Published in Dressage and CT, June 1998
The McPhail Chair Report #1
Like many sports dressage combines elements of art and science. Today’s top competitors have developed the artistic component to a high level, whereas the scientific component is still in its infancy. Biomechanics is an area of science that has many applications in improving sporting performance and safety. This article will explore some of the benefits that have occurred in other sports as a direct result of biomechanical study, and will look at the ways in which dressage could benefit from being studied in a similar manner.
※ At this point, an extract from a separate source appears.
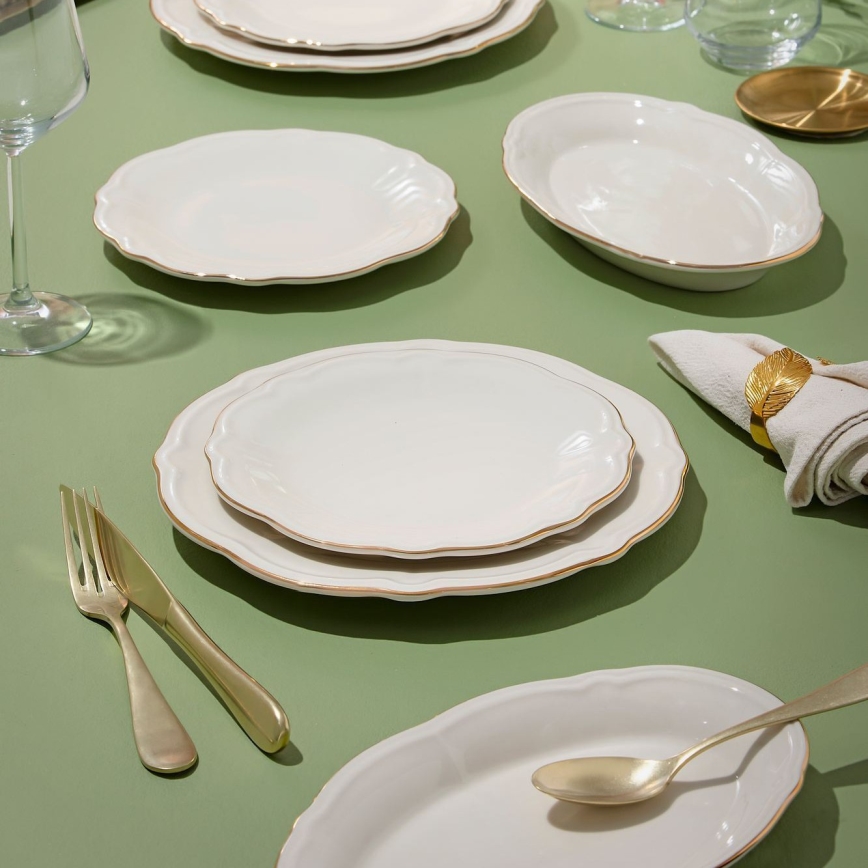 18 daļu porcelāna trauku komplekts — balts ar zelta rotājumu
If you found time to watch the Nagano Olympics on television, you may remember seeing animated figures of skaters illustrating how some of the jumps are performed. These computer simulations have been used extensively in sports like gymnastics, diving and skating to visualize new moves and to determine which of these moves are physically possible for a human athlete. For example, one of the prerequisites for a skater to perform a quad jump is the ability to jump high enough to complete the required number of revolutions before returning to the ice. The height achieved depends on the strength of the muscles that propel the body upwards into the air. Without sufficient strength, the airborne time is too short to perform the jump. In dressage airborne movements are generally reserved for the high school, but muscular strength for upward propulsion is still needed to lift the horse into each suspension. Research has shown that lift in the suspension is what gives the horse a long, ground-covering stride in the trot and canter, and horses that are deficient in this aspect will not show breath-taking extensions. In the McPhail Dressage Laboratory we are applying computer modeling to explore the effects of dressage training on different parts of the horse’s body. By understanding the biomechanics of self carriage, collection and extension, we will be able to predict why certain injuries occur and, hopefully, to develop methods of prevention.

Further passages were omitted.